Inle Lake (pronounced like inlay) was also a wonderful cultural experience. The lake is beautiful in and of itself but the life surrounding the lake is really incredible. Around the lake, the tribespeople live in wooden huts situated on bamboo stilts. The people travel by boat for everything. You see boats full of produce, livestock, and any kind supply you could imagine. Inle is in regular use with people bathing, brushing their teeth, and drinking right from its waters. Around the lake you can see floating islands of crop fields, or floating gardens. The floating crops and water hyacinth create a maze of small waterways around the periphery of the lake. 

The Intha fishermen are seen in small wooden boats, using their special technique of stand-up paddling with one of their legs while using the other to balance on the stern. This technique allows the fisherman to use their hands for other things like casting nets and also allows them to have better visualization through the more intricate waterways of the lake. The area is also famous for the Intha fishermen’s use of conical shaped nets.
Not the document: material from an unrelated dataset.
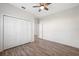 Bedroom with double doors and wood-look floors at 6454 Freeport Dr, Spring Hill, FL 34608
I already mentioned that we had mixed emotions about going to Myanmar. I decided to read more about the history of Myanmar while we were travelling through the country. Ironically, I tried to purchase different books on my Kindle while we were in Thailand, but Amazon told me that because of my country of origin being the U.S.A. I was not authorized to purchase any books about Myanmar. I found this very strange. I would have expected not to be able to buy these books while in Myanmar, but why is Amazon censoring my reading material? Anyway, after much pursuit I found a bookstore in Bangkok where I found several books about Myanmar, and decided upon The River of Lost Footsteps by Thant Myint-U. Reading this book greatly enriched my experience in Myanmar and made me feel better about travelling through the country. Many argue that to travel in Myanmar is to support the military regime that is their government. While I understand this point of view and also agree with it in some respect, I also must agree with Myint-U, who makes a strong argument for why it is necessary for Myanmar to be opened and exposed to other cultures. He blames the isolation of Myanmar from the international community for the persistent hardships; consistent warfare, poverty, dictatorship and oppression, that the country endures.


“When General Ne Win came to power in 1962, there were military regimes everywhere in Asia. The difference between the Burmese military regime and its counterparts in South Korea, Thailand, and Indonesia is not that the Burmese regime had been any more repressive, but that the others had trusted in technocrats, presided over long periods of economic growth, and allowed for the development of civil society. All these things were possible because these countries were not isolated from the international community, and because trade and tourism strengthened rather than weakened the hand of those who eventually demanded political change. If Thailand and Indonesia had been under U.S. and European sanctions the past twenty years, they would not be democracies today.”
 
We spent Christmas, Tony’s 40th birthday, our 2nd anniversary, and New Year’s in Myanmar.  We decided that we would postpone these celebrations until we made it to Bali where we could lie on a beach and eat better food. Although we had a wonderful experience travelling and learning more about the Burmese culture, Myanmar just didn’t seem like the place to celebrate, particularly because we were suffering from food borne illness during so many of these occasions and could barely eat or drink for several days. Myanmar cuisine is incredibly unique and a little hard to get used to, especially after being sick from it once. Even just walking down the street, there is a permeating stench of fish sauce mixed with oils and strong spices everywhere you go.  The odor just adds more to the amazing wonder that is Myanmar, a place that makes you feel like you have really stepped back in time.